Olof's assistant, Peter Andry, wrote in an obituary tribute:

He found his new role, within the larger EMI organisation, demanded a different approach. Less autocratic by now, he became the teacher and guide to many people who had hitherto been in the Company's outposts. He is fondly remembered by the staff of Pathè Marconi where he set new standards of technical perfection, not previously achieved, and which are still practised to this day.

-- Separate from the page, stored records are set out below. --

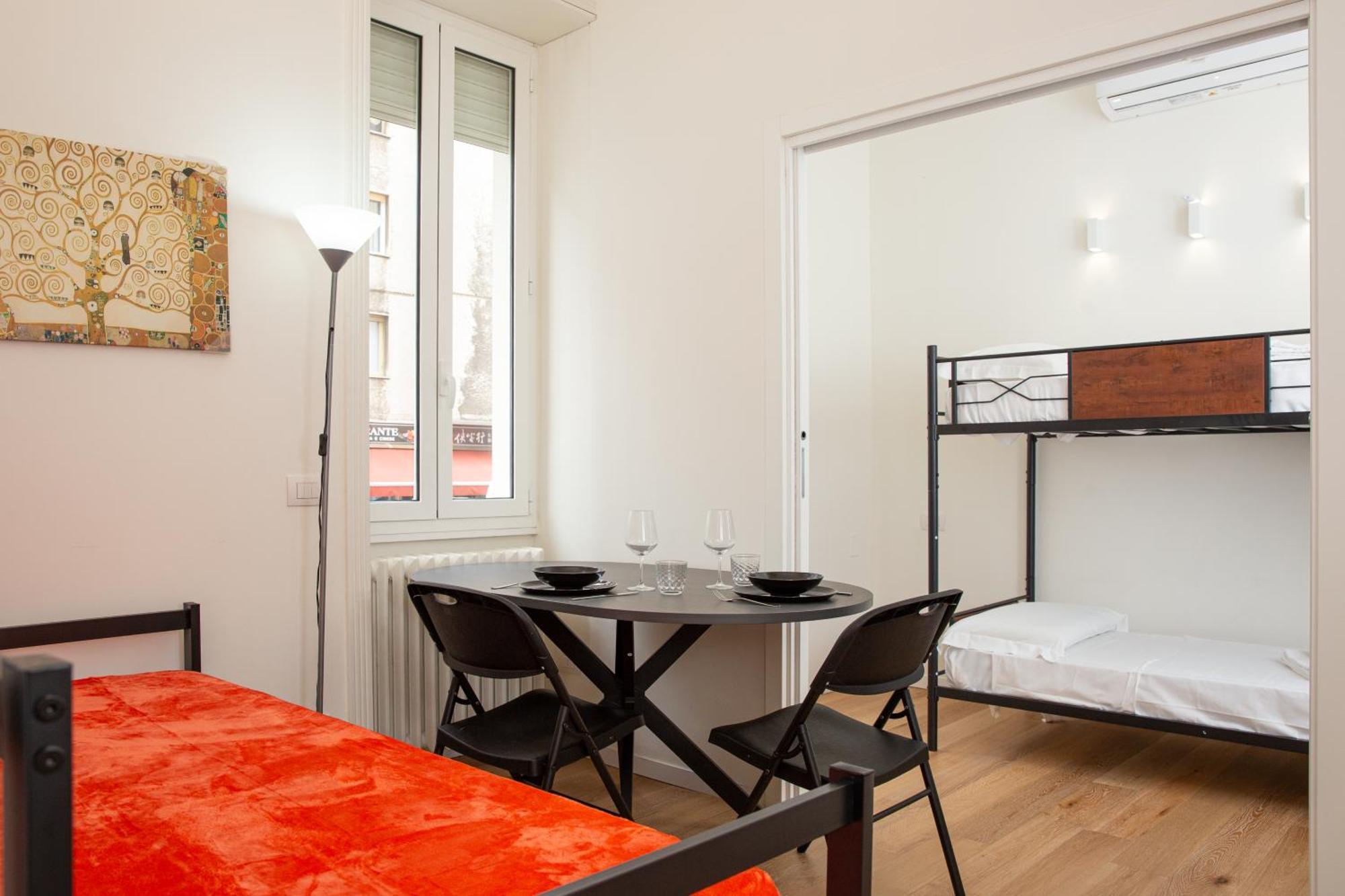 Klimt Central Station - Two Room Apartment Milán Exteriér fotografie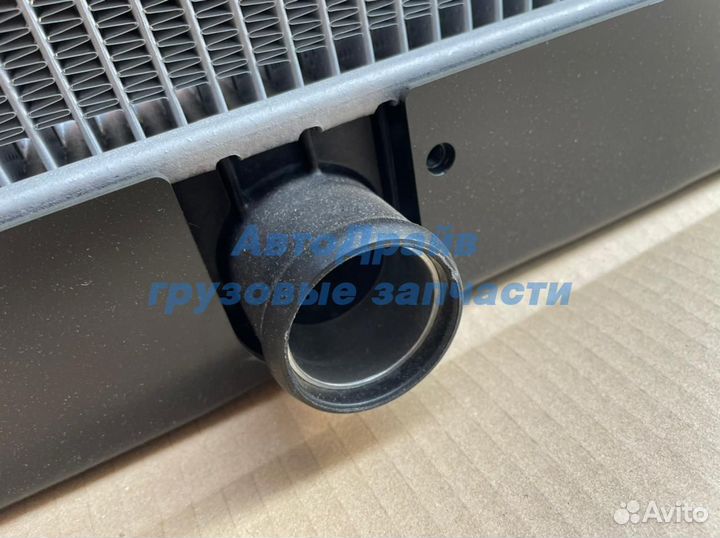 Радиатор автобус Mercedes Conecto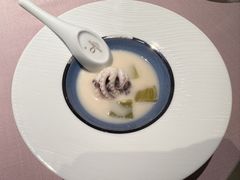 -新荣记(南京西路店)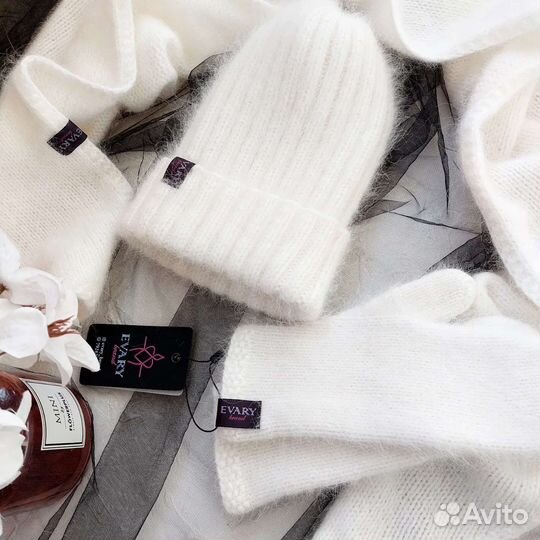 Шапка, платок, варежки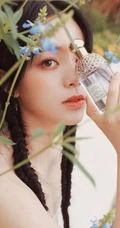 欧阳娜娜甜美清新礼裙印花裙街拍写真图片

Among the EMI recordings produced by Olof are Beecham's set of Carmen, Rudolf Kempe's set of Lohengrin, and all but one act of André Cluytens' set of The Tales of Hoffmann (the Giulietta act was produced, at Elisabeth Schwarzkopf's insistence, by her husband, Walter Legge). Among the other artists whose performances Olof recorded for EMI were Sir Malcolm Sargent, Sir John Barbirolli and Yehudi Menuhin. He retired from EMI in 1963, but returned to the studios from retirement, his last recording being made when he was 70.

===Later years===
In 1969, Olof was appointed as a member of the Arts Council committee of inquiry into orchestral resources in Britain under the chairmanship of Sir Alan Peacock.

In retirement, Olof lived at Milford on Sea on the south coast of England. He died at the age of 76.